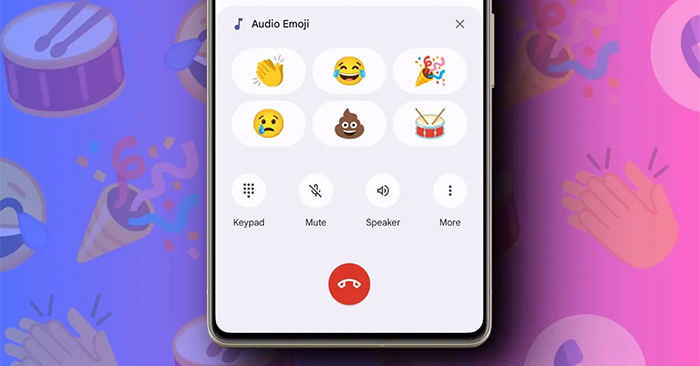 Instructions for Using Audio Emoji on Google Phones: Main Insights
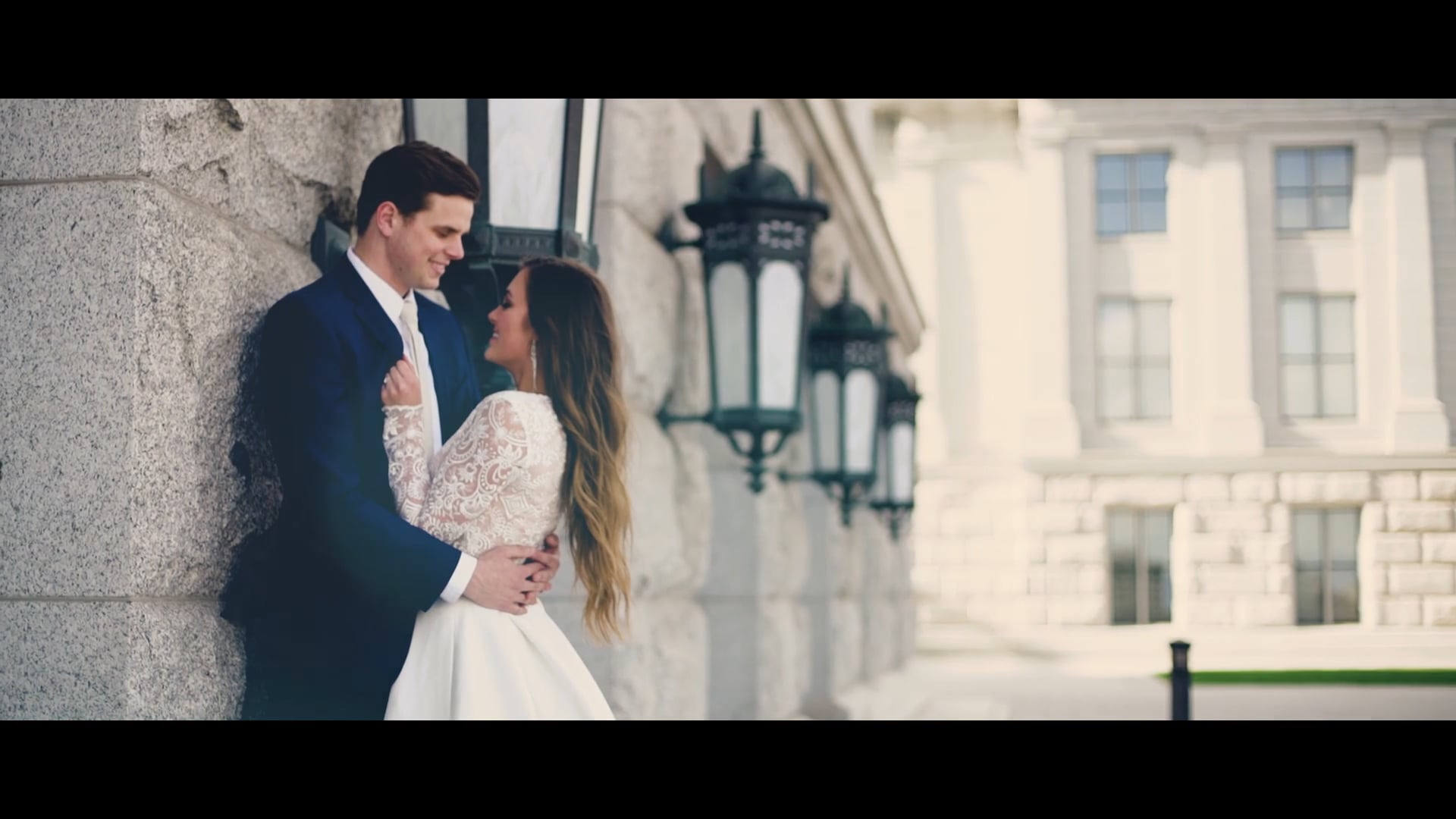 Jarom & Kylie - First Look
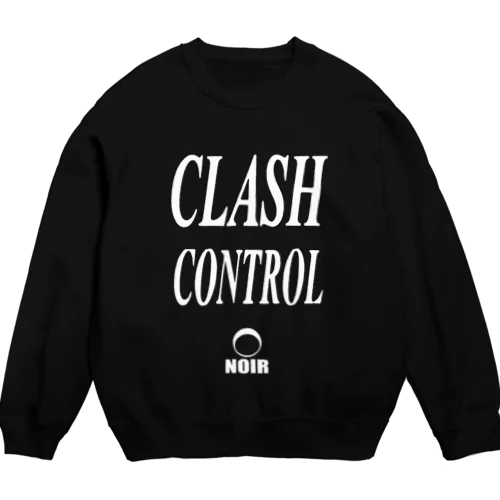 CLASH CONTROL スウェット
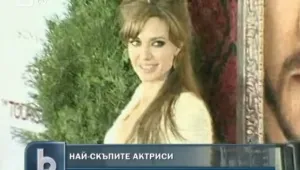 Джоли и Паркър – най-добре платените актриси в Холивуд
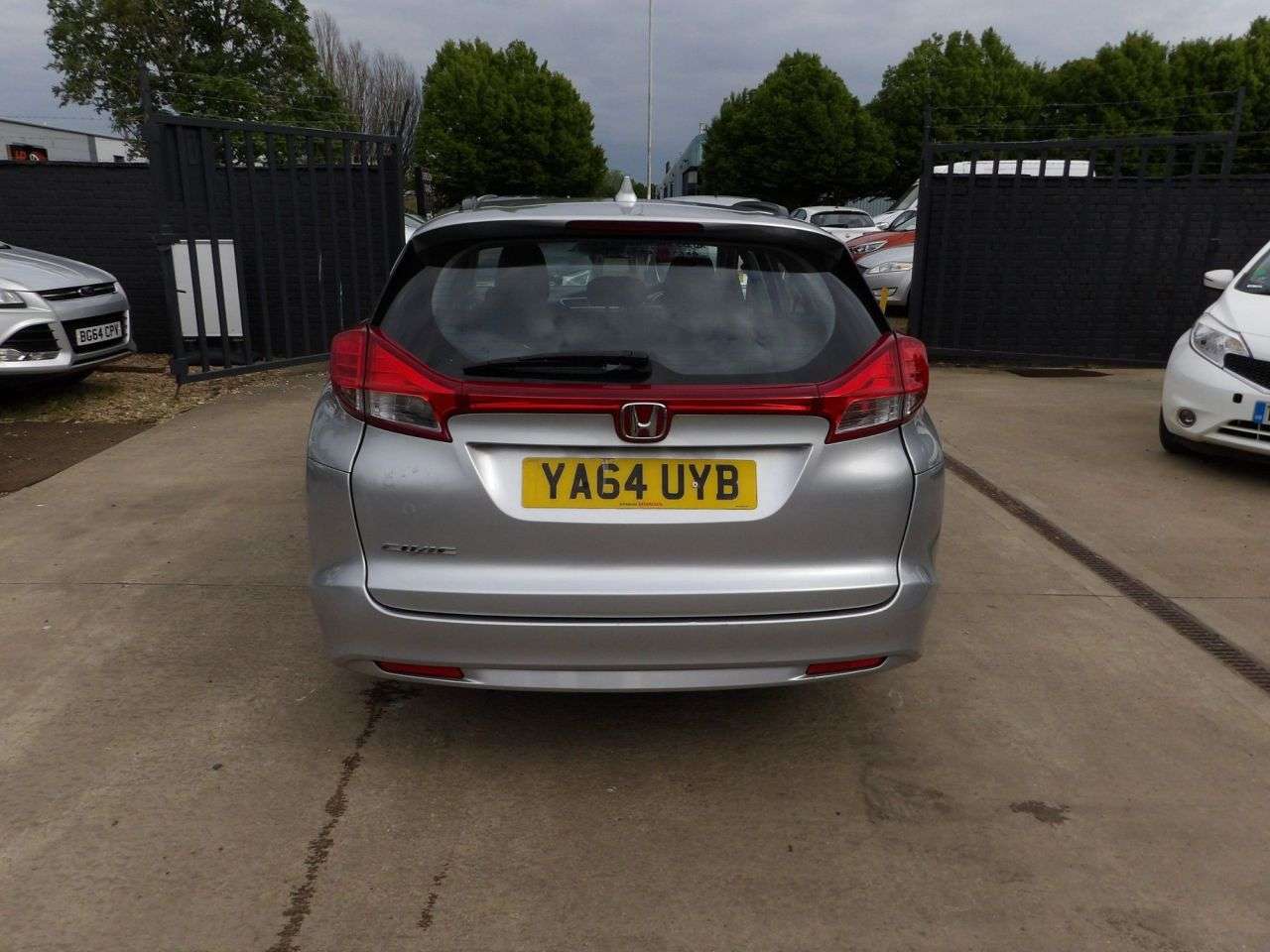 2015 HONDA CIVIC 2015 HONDA CIVIC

──────────

- **REQUIREMENT**
Leave the pictures behind and repeat each entry exactly.

- **RESULT**
 Instructions for Using Audio Emoji on Google Phones: Main Insights
 Jarom & Kylie - First Look
 CLASH CONTROL スウェット
 Джоли и Паркър – най-добре платените актриси в Холивуд
 2015 HONDA CIVIC 2015 HONDA CIVIC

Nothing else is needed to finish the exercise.